This post was written during a research visit at the Department of Computer Science at Aalto University, Finland, supported by the Helsinki Institute for Information Technology.

Perspective is an API that uses machine learning models to predict the impact of a comment on the conversation. One of the models predicts the extent to which the comment might be perceived as toxic. A toxic comment is defined as “a rude, disrespectful, or unreasonable comment that is likely to make you leave a discussion.” The documentation of the Perspective API is available here. The brand new (at the time of writing) peRspective package by Fabio Votta makes it easy to access the Perspective API from R.

The code used in this post is available here.

Data come from the Wikipedia Requests for Adminship (with text) dataset available from the Stanford Network Analysis Project. The dataset includes votes and comments in RfAs between mid-2003 and mid-2013. Below is an extract of the data with the year of the RfA, the source of the vote (the voter) and the target of the vote (the admin candidate), as well as the vote character (-1 for oppose, 1 for support, and 0 for neutral) and the text of the comment.

yea src tgt vot txt
2008 Acalamari ^demon 1 Was a great admin before, and will be again. Experienced with images.
2008 Qst ^demon 1 ’‘’Support’’’. What Acalamari said ;).
2008 Mr.Z-man ^demon 1 Of course. <font face=Broadway>
2008 Rjd0060 ^demon 1 Why not give them back? -
2008 Jj137 ^demon 1 ’‘’Support’’’ - definitely. &nbsp; ’’’

In the period covered by the data the number of RfAs has indeed declined substantially, as shown below (the data covers only parts of 2003 and 2013, so they are excluded). Both the number of successfull and unsuccessfull RfAs has been declining, but while in the early years more RfAs concluded with a nomination than rejection, the later trend is reversed, and more RfAs are rejected than approved.

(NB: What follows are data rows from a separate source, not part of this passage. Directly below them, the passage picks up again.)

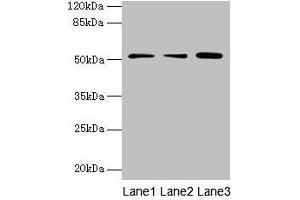 Western blot All lanes: ACSBG2 antibody at 4 μg/mL Lane 1: A431 whole cell lysate Lane 2: K562 whole cell lysate Lane 3: A549 whole cell lysate Secondary Goat polyclonal to rabbit IgG at 1/10000 dilution Predicted band size: 75, 69, 54, 52 kDa Observed band size: 52 kDa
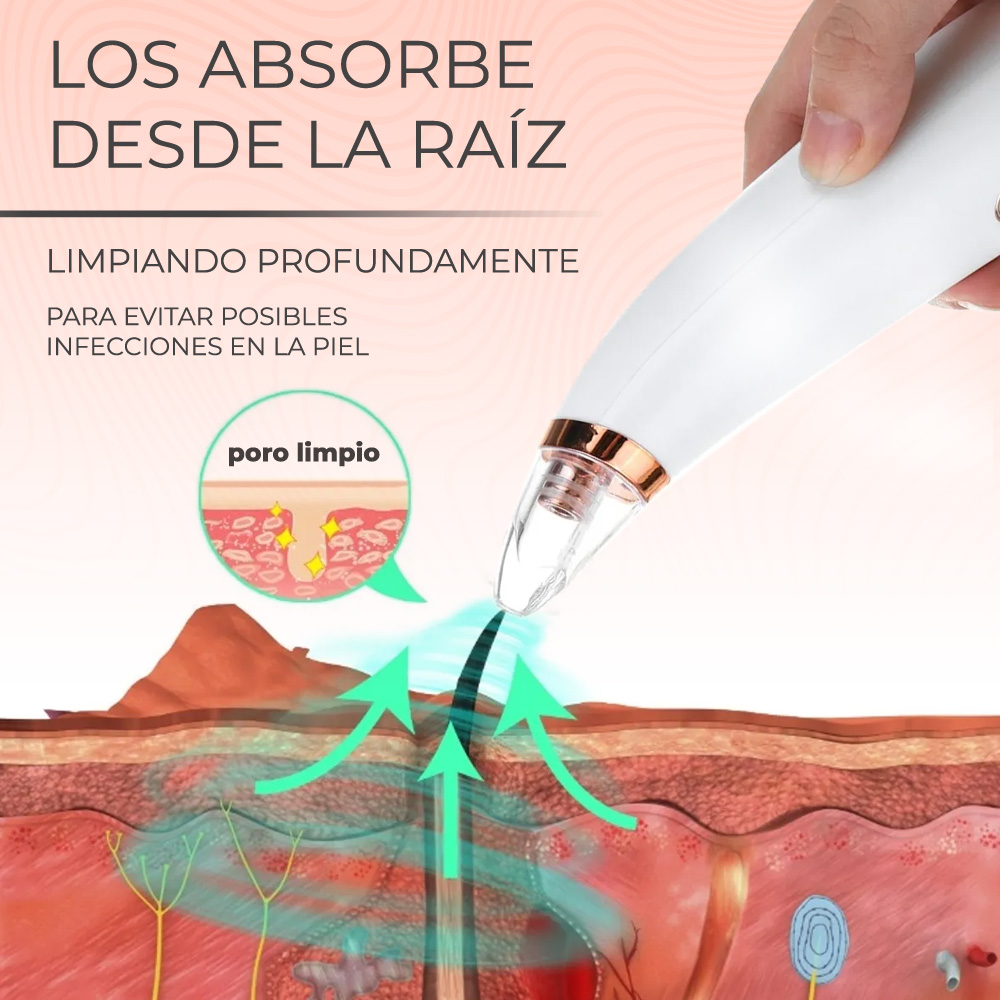 Limpiador De Poros Extractor De Espinillas Por Succión 6 Cabezas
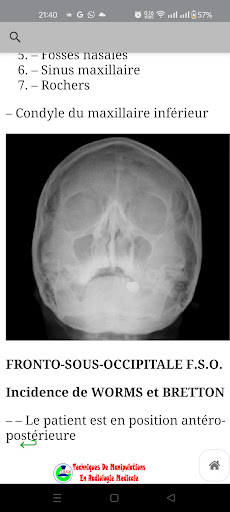 Radiologie Medicale Pro screenshot 11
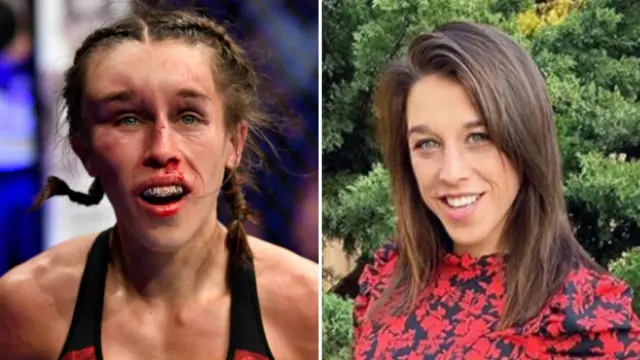 Split picture of Joanna Jedrzejczyk immediately after UFC 248 and when her facial injury had recovered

In the English Wikipedia, RfA results are decided by a bureaucrat who considers all the votes and comments and determines whether there is consensus that adminship should be granted. Wikipedia emphasizes that the RfA process involves discussion and not a simple vote count. In practice, successful RfAs are those that receive a substantial majority of supporting votes of at least 75% of supporting and opposing votes, as shown in the figure below.

Some of the decline in the number of RfAs has been attributed to the increasing unpleasantness of the RfA process, during which candidates often come under attack for any real or perceived wrongdoing in their editing history (cf. Common knowledge: An Ethnography of Wikipedia by Dariusz Jemielniak).

The chart below shows the distribution of toxicity in comments accompanying votes in RfAs between 2004 and 2012 depending on the result of the RfA. Toxicity estimates provided by the Perspective API range between 0 indicating no tixicity to 1 indicating maximum toxicity. A majority of comments in both successful and unsuccessful RfAs have relatively low levels of toxicity, well below 0.25. Comments in unsuccessful RfAs tend to be a bit more toxic, but the medians in both cases are similar. All distributions are strongly skewed with long positive tails corresponding to rare cases of extremely toxic comments. Overall it looks like toxicity of comments has been stable over time, with no clear differences between the early and late years.

This graph shows the distribution of toxicity in comments accompanying votes in RfAs between 2004 and 2012 depending on the type of the vote, i.e., whether it was supporting or opposing the request, or was neutral. In all years, the median level of tixicity among opposing votes was higher than among supporting votes, with neutral votes in-between.

The pattern of average tixicity of RfA comments corresponds to the intuition that comments should be more toxic in elections that failed to approve the candidate as admin, and in opposing comments. The differences however are very small, and there is little change over time. If the Perspective API accurately estimates the tone of the comments, toxicity is an unlikely cause of the decline in adminship requests. It is also possible that the API does not appropriately capture the tone of the comments as they are perceived by the admin candidate.